Fifty-plus posts. Read it back and count what’s missing: the war. The economy. The soldiers. His actual job.

The tells

A few things jump out of that list if you read it like a behavior pattern instead of a news feed.

He cannot stop fighting Joe Biden. Thirteen separate Biden attacks in one day, including a five-in-90-seconds burst at 5:33. Biden is not the president. Biden is not running for anything. Biden is an 83-year-old man in Delaware. A guy haunted by an opponent he already beat is not a guy who feels like a winner.

He keeps building monuments to himself. Mount Rushmore (twice), George Washington (three times), kissing the flag, navy cosplay, a “Trump Peace Prize,” “Trump energy 2026” on a bomber. This is the visual diary of a man who needs you to tell him he’s great, refreshing the page for a hit that never comes.
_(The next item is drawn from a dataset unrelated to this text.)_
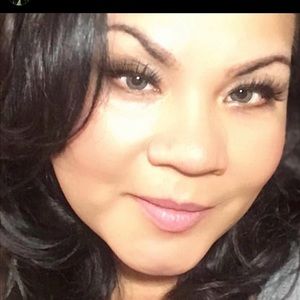 Meet your Posher, Nohemi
He told on himself at 2:55 PM. Right in the middle of the bender, he stopped to announce he’s in “excellent health.” Nobody who is well posts that. Nobody.

So what

Here’s the thing I keep coming back to. We have completely normalized this. Reporting on his own feed shows he averaged just under 19 Truth Social posts a day across 2026 — more than 2,200 posts in four months. There was a single December night where he fired off more than 160 posts between dinner and midnight. The drunk-uncle energy isn’t a one-off. It’s the operating system.

If your actual uncle did this — fought ghosts, posted his own face onto national monuments, declared his own health unprompted, all while the family business was being frozen by a judge — you’d take his keys and have a quiet, serious conversation. When the President does it, we call it “Trump being Trump” and scroll on.

The volume is the story. The timing is the story — a man losing on every front, drowning it out with AI slop. And the single most honest post of the entire day was the one where he insisted, to no one, that he’s just fine.

He’s not. And neither, frankly, is a country that’s decided this is normal.